AI Alignment Metastrategy

Vanessa Kosoy

I call "alignment strategy" the high-level approach to solving the technical problem^[1]. For example, value learning is one strategy, while delegating alignment research to AI is another. I call "alignment metastrategy" the high-level approach to converging on solving the technical problem in a manner which is timely and effective. (Examples will follow.)
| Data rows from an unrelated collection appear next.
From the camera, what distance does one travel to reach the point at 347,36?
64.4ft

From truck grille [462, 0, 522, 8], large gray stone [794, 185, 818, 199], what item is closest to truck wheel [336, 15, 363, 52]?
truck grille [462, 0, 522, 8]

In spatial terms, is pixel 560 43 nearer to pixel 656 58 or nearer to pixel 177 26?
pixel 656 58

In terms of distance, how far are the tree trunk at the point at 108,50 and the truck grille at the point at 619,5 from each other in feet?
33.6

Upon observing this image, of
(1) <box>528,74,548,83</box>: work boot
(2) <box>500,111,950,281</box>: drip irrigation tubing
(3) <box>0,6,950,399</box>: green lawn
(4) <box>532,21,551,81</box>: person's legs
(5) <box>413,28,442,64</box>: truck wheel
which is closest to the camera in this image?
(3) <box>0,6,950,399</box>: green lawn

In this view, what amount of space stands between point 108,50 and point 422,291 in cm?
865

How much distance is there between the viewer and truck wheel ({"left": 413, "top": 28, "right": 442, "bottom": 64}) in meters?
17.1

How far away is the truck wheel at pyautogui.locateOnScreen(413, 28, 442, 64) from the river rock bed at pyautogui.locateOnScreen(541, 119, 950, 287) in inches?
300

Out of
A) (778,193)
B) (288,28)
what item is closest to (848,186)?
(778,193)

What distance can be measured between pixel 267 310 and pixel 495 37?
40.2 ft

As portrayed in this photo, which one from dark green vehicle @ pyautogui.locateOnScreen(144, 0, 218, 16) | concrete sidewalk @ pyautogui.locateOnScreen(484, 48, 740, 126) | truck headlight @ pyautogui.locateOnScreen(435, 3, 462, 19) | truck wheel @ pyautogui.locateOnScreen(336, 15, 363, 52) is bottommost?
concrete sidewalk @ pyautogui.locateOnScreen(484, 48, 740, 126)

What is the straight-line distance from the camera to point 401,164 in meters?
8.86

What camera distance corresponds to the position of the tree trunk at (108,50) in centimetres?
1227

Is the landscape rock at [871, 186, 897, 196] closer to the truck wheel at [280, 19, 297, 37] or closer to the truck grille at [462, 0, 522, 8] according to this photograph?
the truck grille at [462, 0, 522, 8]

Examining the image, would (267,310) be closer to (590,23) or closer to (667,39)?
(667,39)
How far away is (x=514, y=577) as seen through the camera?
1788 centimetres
In a previous article, I summarized my criticism of prosaic alignment. However, my analysis of the associated metastrategy was too sloppy. I will attempt to somewhat remedy that here, and also briefly discuss other metastrategies, to serve as points of contrast and comparison.

Conservative Metastrategy

The conservative metastrategy follows the following algorithm:

As much as possible, stop all work on AI capability outside of this process.
Develop the mathematical theory of intelligent agents to a level where we can propose adequate alignment protocols with high confidence. Ideally, the theoretical problems should be solved in such order that results with direct capability applications emerge as late as possible.
Design and implement empirical tests of the theory that incur minimal risk in worlds in which the theory contains errors or the assumptions of the theory are violated in practice.
If the tests show problems, go back to step 2.
Proceed with incrementally more ambitious tests in the same manner, until you're ready to deploy an AI defense system.

This is my own favorite metastrategy. The main reason it can fail is if the unconservative research we failed to stop creates unaligned TAI before we can deploy an AI defense system (currently, we have a long way to go to complete step 2).
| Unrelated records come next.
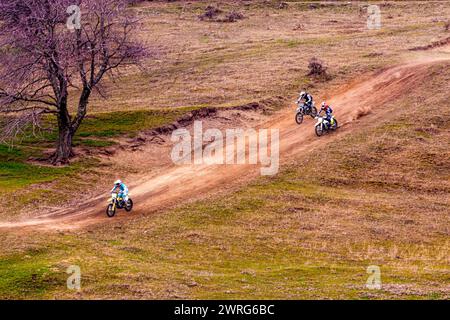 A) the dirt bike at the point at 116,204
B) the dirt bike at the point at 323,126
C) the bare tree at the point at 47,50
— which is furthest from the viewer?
the dirt bike at the point at 323,126

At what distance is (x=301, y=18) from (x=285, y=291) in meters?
64.3

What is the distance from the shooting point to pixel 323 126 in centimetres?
5603

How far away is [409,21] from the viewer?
285 feet

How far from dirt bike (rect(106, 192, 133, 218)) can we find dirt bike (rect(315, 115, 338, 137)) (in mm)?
16756

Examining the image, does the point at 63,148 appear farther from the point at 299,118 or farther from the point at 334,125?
the point at 334,125

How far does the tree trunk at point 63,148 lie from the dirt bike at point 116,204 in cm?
902

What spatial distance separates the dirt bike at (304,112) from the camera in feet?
193

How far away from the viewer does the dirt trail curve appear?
44781mm

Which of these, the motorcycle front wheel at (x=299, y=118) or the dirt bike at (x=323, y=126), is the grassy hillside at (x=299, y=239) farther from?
the motorcycle front wheel at (x=299, y=118)

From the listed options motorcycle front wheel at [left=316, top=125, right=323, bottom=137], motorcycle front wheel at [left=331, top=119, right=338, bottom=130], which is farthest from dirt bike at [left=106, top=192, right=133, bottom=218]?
motorcycle front wheel at [left=331, top=119, right=338, bottom=130]

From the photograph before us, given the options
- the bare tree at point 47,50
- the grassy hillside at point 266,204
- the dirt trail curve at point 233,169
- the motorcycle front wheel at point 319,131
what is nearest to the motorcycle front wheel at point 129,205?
the dirt trail curve at point 233,169

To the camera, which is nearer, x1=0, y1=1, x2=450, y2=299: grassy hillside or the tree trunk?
x1=0, y1=1, x2=450, y2=299: grassy hillside

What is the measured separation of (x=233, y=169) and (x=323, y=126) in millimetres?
8312

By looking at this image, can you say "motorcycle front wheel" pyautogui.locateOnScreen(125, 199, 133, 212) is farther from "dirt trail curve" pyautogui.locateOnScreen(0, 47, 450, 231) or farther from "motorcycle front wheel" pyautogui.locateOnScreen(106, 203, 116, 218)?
"motorcycle front wheel" pyautogui.locateOnScreen(106, 203, 116, 218) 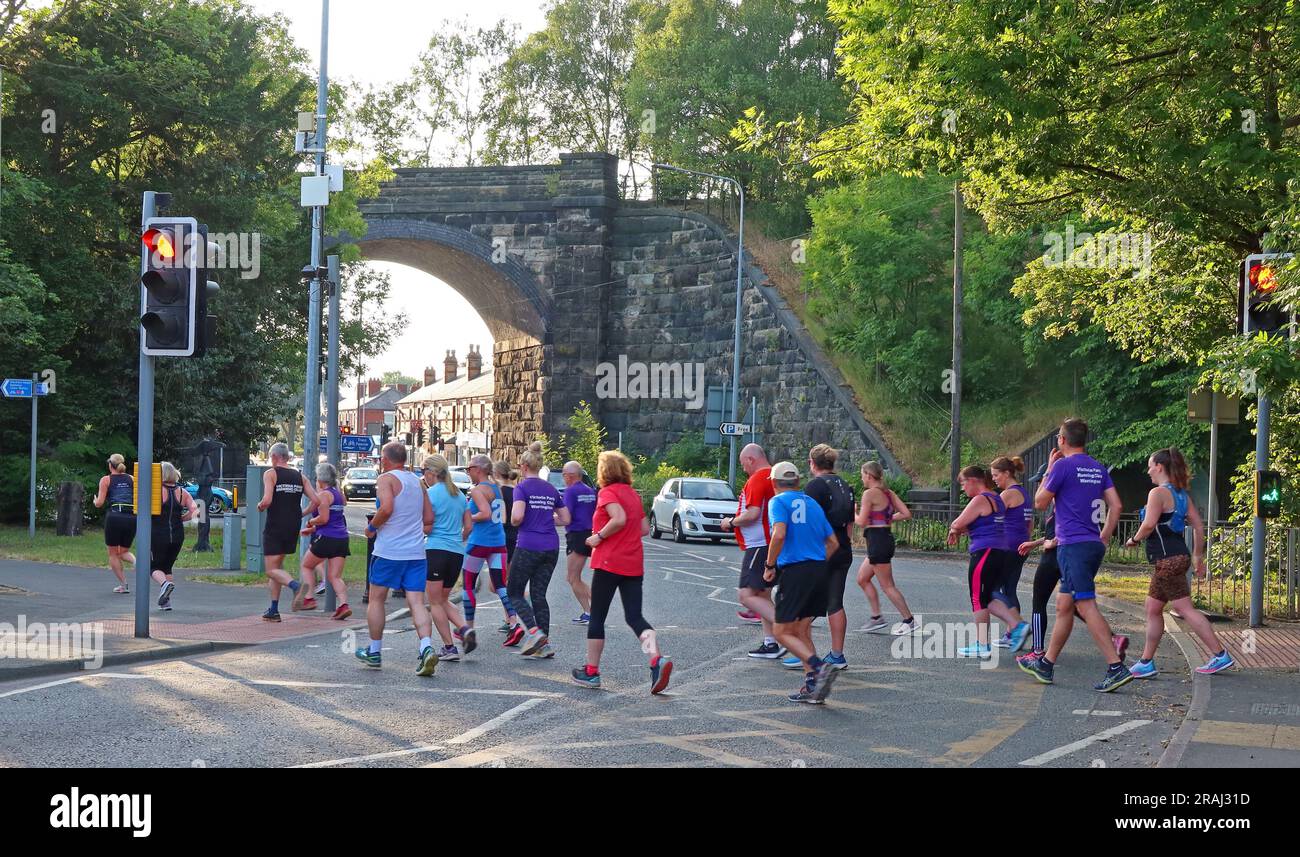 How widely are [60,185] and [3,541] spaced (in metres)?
9.47

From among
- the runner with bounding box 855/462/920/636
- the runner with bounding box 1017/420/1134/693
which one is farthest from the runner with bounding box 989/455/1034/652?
the runner with bounding box 1017/420/1134/693

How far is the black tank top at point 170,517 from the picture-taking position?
14656 mm

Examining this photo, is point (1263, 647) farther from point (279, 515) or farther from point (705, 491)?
point (705, 491)

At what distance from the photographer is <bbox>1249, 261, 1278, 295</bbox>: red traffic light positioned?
481 inches

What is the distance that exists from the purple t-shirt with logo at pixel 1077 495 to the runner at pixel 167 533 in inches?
368

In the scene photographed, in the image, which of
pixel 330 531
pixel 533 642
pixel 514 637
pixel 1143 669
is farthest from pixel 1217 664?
pixel 330 531

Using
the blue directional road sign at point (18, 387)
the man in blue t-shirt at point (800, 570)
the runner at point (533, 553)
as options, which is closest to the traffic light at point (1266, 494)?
the man in blue t-shirt at point (800, 570)

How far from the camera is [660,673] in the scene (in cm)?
943

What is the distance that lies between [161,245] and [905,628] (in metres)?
8.05

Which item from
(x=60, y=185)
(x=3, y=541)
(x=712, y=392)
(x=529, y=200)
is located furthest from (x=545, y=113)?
(x=3, y=541)

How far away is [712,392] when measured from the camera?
1383 inches

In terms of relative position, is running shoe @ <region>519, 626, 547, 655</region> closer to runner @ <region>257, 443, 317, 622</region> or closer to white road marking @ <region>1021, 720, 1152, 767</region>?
runner @ <region>257, 443, 317, 622</region>

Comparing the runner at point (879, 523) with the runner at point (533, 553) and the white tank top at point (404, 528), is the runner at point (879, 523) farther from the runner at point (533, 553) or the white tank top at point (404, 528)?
the white tank top at point (404, 528)

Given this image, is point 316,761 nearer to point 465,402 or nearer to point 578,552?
point 578,552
I think that it's pretty clear that a competent civilization would follow this path, since it seems like the only one which leads to a good long-term outcome without taking unnecessary risks^[2]. Of course, in itself that is an insufficient argument to prove that, in our actual civilization, the conservative metastrategy is the best for those concerned with AI risk. But, it is suggestive.

Beyond that, I won't lay out the case for the conservative metastrategy here. The interested reader can turn to 1 2 3 4 5.

Incrementalist Metastrategy

The incrementalist metastrategy follows the following algorithm:

Find an advance in AI capability (by any means, including trial and error).
Find a way to align the new AI design (prioritizing solutions that you expect to scale further).
Validate alignment using a combination of empiricial tests and interpretability tools.
If validation fails, go back to step 2.
If possible, deploy an AI defense system using current level of capabilities.
Go to step 1.

This is (more or less) the metastrategy favored by adherents of prosaic alignment. In particular, this is what the relatively safety-conscious actors involved with leading AI labs present as their plan.

There are 3 main mutually reinforcing problems with putting our hopes in this metastrategy, which I discuss below. There are 2 aspects to each problem: the "design" aspect, which is what would happen if the best version of the incrementalist metastrategy was implemented, and the "implementation" aspect, which is what happens in AI labs in practice (even when they claim to follow incrementalist metastrategy).

Information Security

Design

If a new AI capability is found in step 1, and the knowledge is allowed to propagate, then irresponsible actors will continue to compound it with additional advances before the alignment problem is solved on the new level. Ideally, either the new capability should remain secret at least until the entire iteration is over, or government policy should prevent any actor from subverting the metastrategy, or some sufficient combination of both needs to be in place. Implementing the above involves major institutional and political challenges, which undermines the feasibility of the entire metastrategy.

Now, one could argue that the same problem exists with the conservative metastrategy: after all, some theoretical discoveries can also be used by irresponsible actors for dangerous AI capability advances. However, when it comes to theoretical research, the problem only shows up in some cases and usually requires additional steps by irresponsible actors (going from theory to practice). Moreover, inasmuch as dangerous AI capability advances only happen when they're grounded at solid theory, there is more hope that the risks will be transparent, predictable and avoidable.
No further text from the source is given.